Oman is done chasing attention. Here’s what it’s doing instead

On Second ThoughtOman seems less concerned with impressing on first encounter and more interested in becoming familiar — a place that fits naturally into people’s lives

For a long time, Oman has been a country people admired quickly.
They came prepared. They followed the route. They left with photographs, a calm sense of satisfaction, and a familiar line: “It’s beautiful.” What didn’t always follow was the urge to return not because anything was lacking, but because the experience often felt complete the first time around.
Lately, that feels different.
What’s interesting about the new wave of tourism projects isn’t any single opening or announcement. It’s the pattern they form when viewed together. There’s a sense that Oman is no longer designing itself purely to be seen, but to be lived with — slowly, comfortably, and more than once.

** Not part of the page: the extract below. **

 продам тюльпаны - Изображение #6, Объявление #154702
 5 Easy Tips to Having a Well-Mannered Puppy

The Muttrah Cable Car is a good example. It will be photographed endlessly, of course. But the view isn’t the point. What matters more is how it changes the way Muttrah is used. A place that once encouraged movement — walk, browse, leave — suddenly allows pause. It adds layers to a district people thought they already knew. When a familiar place reveals itself differently, it quietly earns a second visit.
The same thinking runs through the relaunch of Barr Al Jissah. Three hotels opening together may sound like a numbers game, but the story is really about recognising different ways people travel. Some arrive to disconnect, others to gather, some with children, some with agendas.

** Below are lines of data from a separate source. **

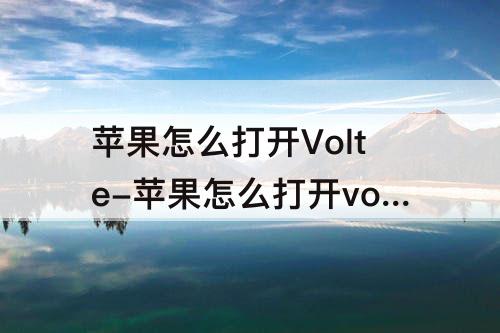 苹果怎么打开Volte-苹果怎么打开volte功能
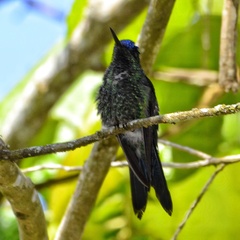 Thalurania glaucopis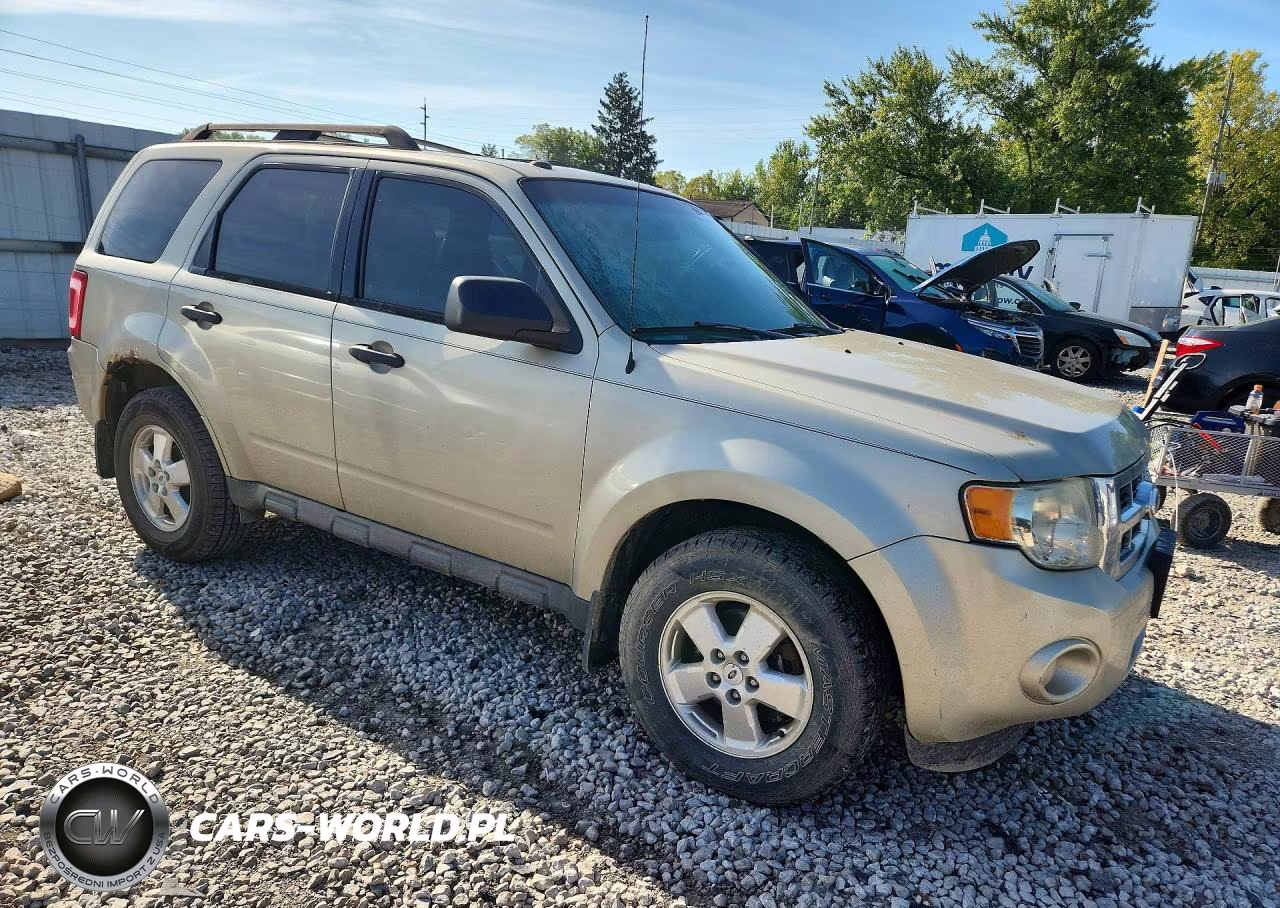 2012 Ford Escape Xlt VIN:1FMCU9DG6CKA73987 - 4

A destination that plans for these differences is one thinking beyond occupancy and towards relevance.
Then there’s the less glamorous side of tourism: roads, access, flow. These rarely make headlines, yet they shape memory. The ease of getting from one place to another, the absence of friction, the feeling that time wasn’t wasted. These are the details that decide whether a trip feels restorative or exhausting. People return to places that feel kind to their time.
Even the Oman Botanic Garden, still unopened, plays its part. Its slow emergence has created expectation rather than frustration.

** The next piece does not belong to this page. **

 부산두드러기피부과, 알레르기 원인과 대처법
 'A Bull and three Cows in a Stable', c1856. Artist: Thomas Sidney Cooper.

It has become a future marker, something to look forward to next time.
In a world that rushes to unveil, there’s confidence in allowing something to arrive when it’s ready.
Taken together, these developments suggest a subtle shift. Oman seems less concerned with impressing on first encounter and more interested in becoming familiar — a place that fits naturally into people’s lives.
And perhaps that’s the real evolution: moving from being memorable to being missed.